Fat Tuesday: What should I give up this year?

How many different ways are there to spell Fastnacht? I think I've spotted at least four different variations today. That's because is Fastnacht Day, better known as Fat Tuesday.

It's the traditional bacchanalian blow that precedes Ash Wednesday and the season of Lent.

Today is the day to indulge. Think Mardi Gras in New Orleans. Or Carnival in Rio. By the way Mardie Gras in the Big Easy is definitely on my 'bucket list.'

I don't really do Fastnacht Day. I'm not much for doughnuts. And it's unlikely that I will be out partying tonight. I rarely drink during the week. And after tomorrow I won't drink a beer for 40 days. Pray for me.

This year I'm in the market for something different to give up for Lent, and I think I've hit on the perfect solution.

I'm giving up TV weather forecasts.

Very simply, I am no longer paying attention. If I want to know what the weather is, I'll stick my head out the window. I suggest maybe our local weather prognosticators do the same.

They were just a tad bit off with their forecasts for the storm that rolled over the region Sunday night into Monday. For no less than four days, all we heard was estimates of as much as a foot of snow or more.

Weather is a fickle thing. A slight change of course can mean a big difference in what happens.

You would think they would acknowledge that. Not a chance. Instead they make jokes.

At this point I should credit John Bolaris. After intially sounding the alarm about "one of the biggest snow storms in March history," at least he revised his forecast Sunday afternoon, indicating it was looking more likely that the storm was going to go farther south, sparing us all that much snow.

That turned out to be exactly the case.
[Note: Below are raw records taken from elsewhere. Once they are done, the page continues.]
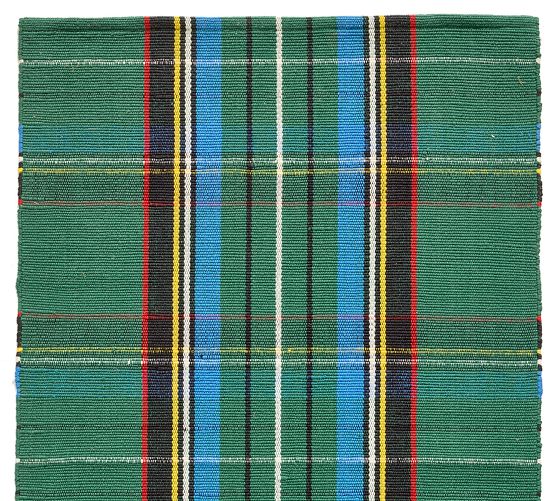 Stewart Plaid Performance Rug - Thumbnail 3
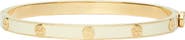 Tory Burch Miller Stud Enamel Hinge Bracelet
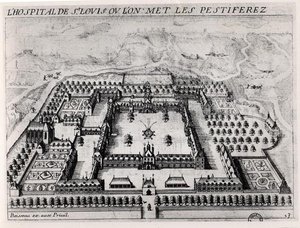 Saint-Louis Hospital, early 17th century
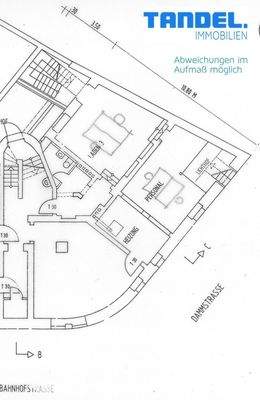 Kellergeschoss Gewerbe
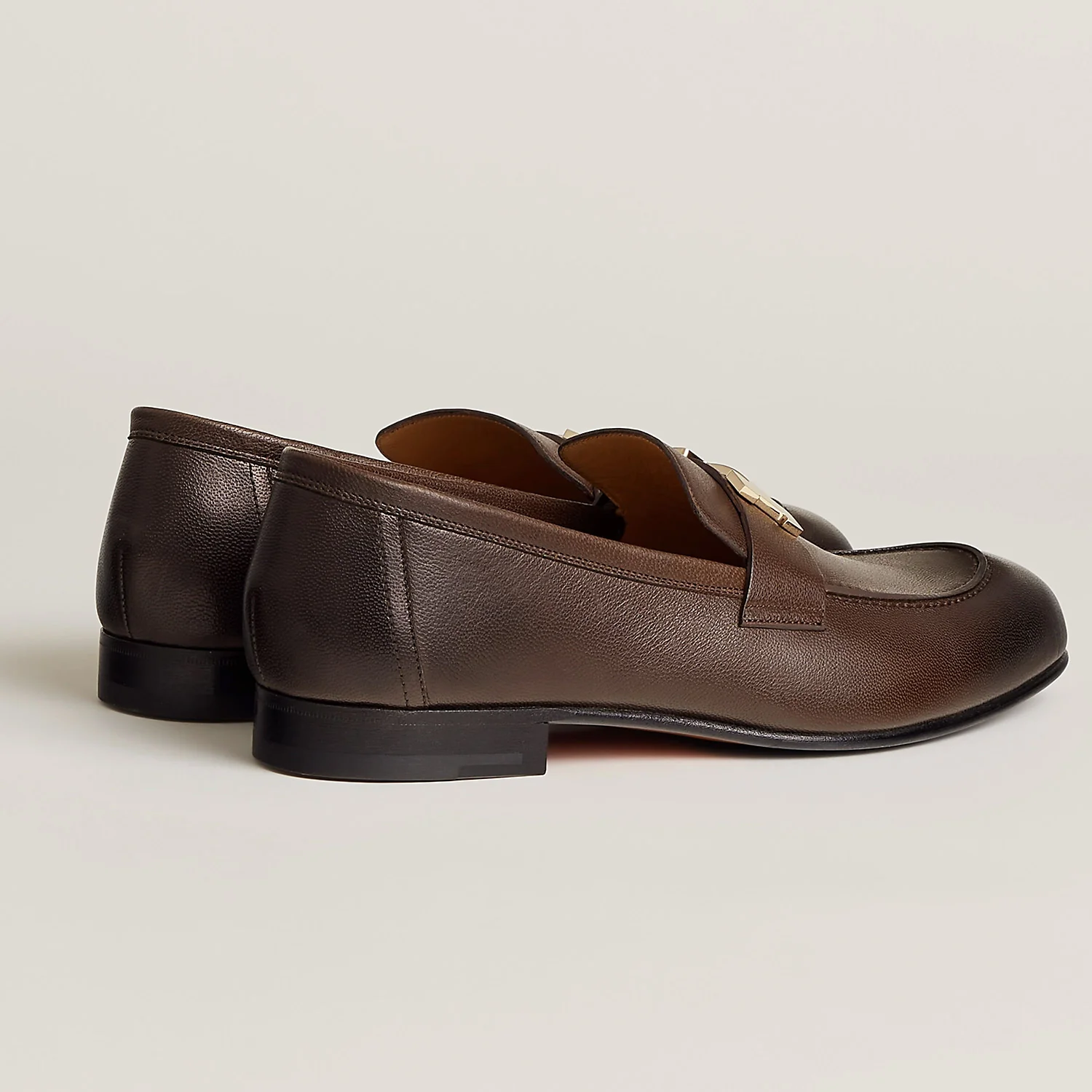 Hermes Men Paris Loafer - Image 3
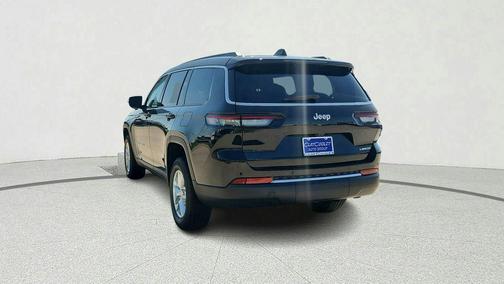 Diamond Black 2025 Jeep Grand Cherokee L Laredo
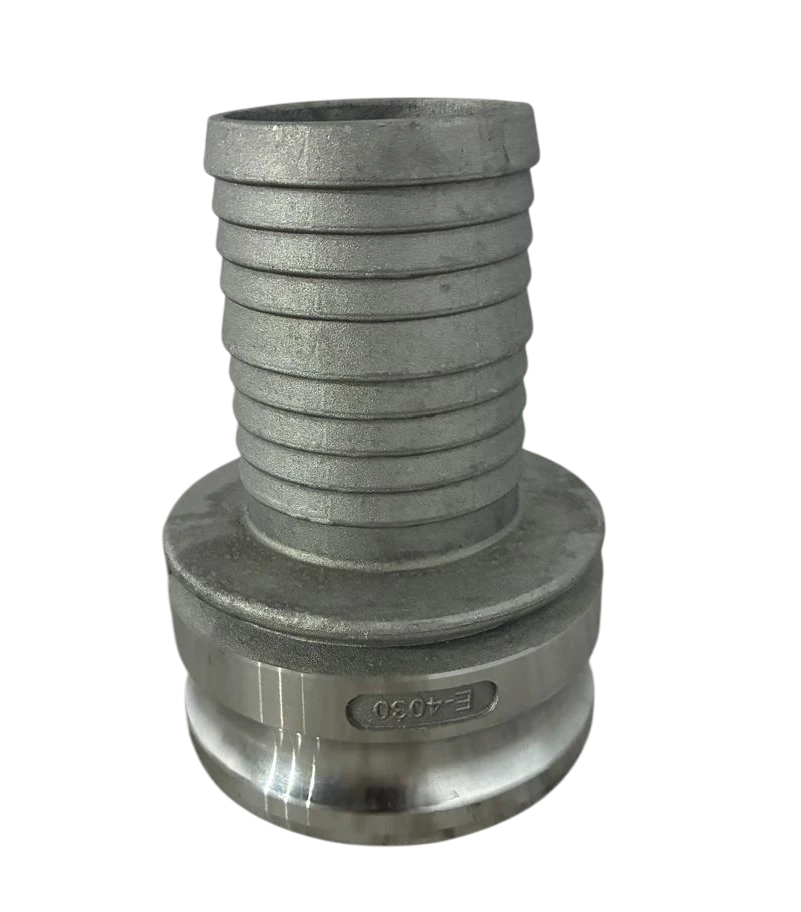 Камлок переходной алюм. E-4030 (ПАПА 100мм + штуцер 75мм) 4х3 HIMPT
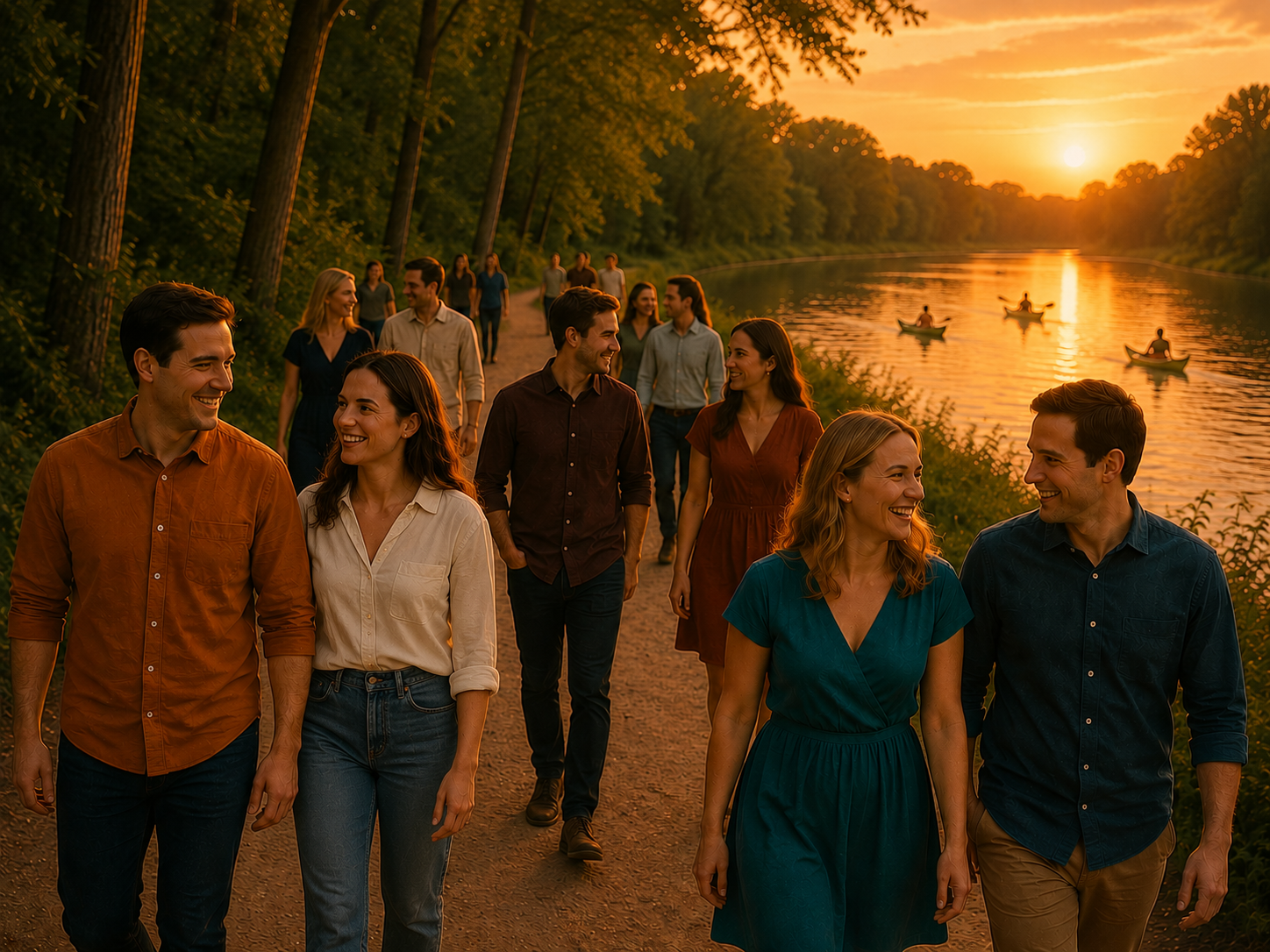Matchmaking in Motion | Walking Edition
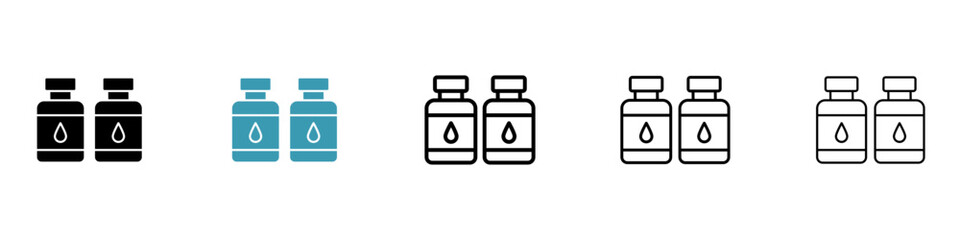 Ink cartridge icon. Design for web and mobile app. Vector illustration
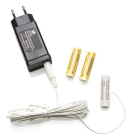 Konstsmide Batterijvervanger - 3x AA - Konstsmide (3 meter, Binnen) 5163-000 K150302888 - 2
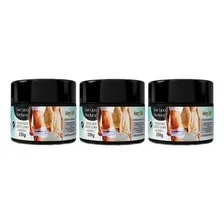 Kit Com 3 Gel Lipo Redutor Termo Ativado 250g - Mary Life Foto  mini 1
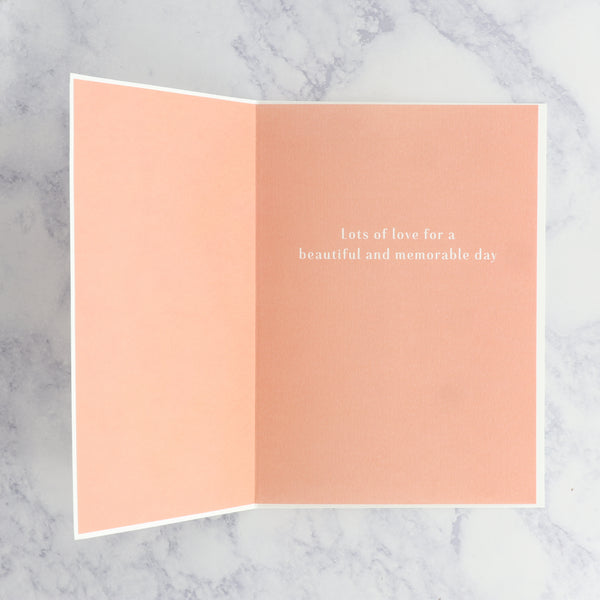 Tropical Cake Birthday Card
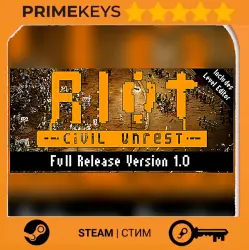 RIOT: Civil Unrest Steam Key/Gift / RU + WORLD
Most areas around here got an inch or two. Not exactly the biggest storm ever. It was just after noon on Saturday when I decided to write off the forecasts. I'm as tired as anyone of this winter of our discontent. I hate cold weather. I've been miserable since the holidays.

I don't need a bunch of preening TV folks feeding me fake news as people mob the local supermarkets, apparently panic-stricken that they may have to fend a few hours without a full supply of Ring-Dings.

I would like to see a study of what the economic impact of these gloom-and-doom forecasts actually is. They have repercussions. How would you like to own a restaurant or nightspot and be serenaded non-stop all-day with the following popular TV mantra: "All you can say no a day like this is if you don't have to go out, don't."

When did that become TV's job. They have their hands full with the forecast, now they want to set our social schedule as well.

Maybe I'm just burned out on winter. It doesn't take me long. I like a nice, crisp fall day as much as anyone. I can live with a dusting of snow to accompany the holidays. But the 90 days from Jan. 1 to April Fool's Day is pure torture, this year in particular.

I will go about my business without the help of the forecast, although I can admit that I will probably check next week on the forecast for March 15. My niece is getting married that day.

I hope it's 75 and sunny. But if the local TV types told me that, I'm not sure I'd believe them.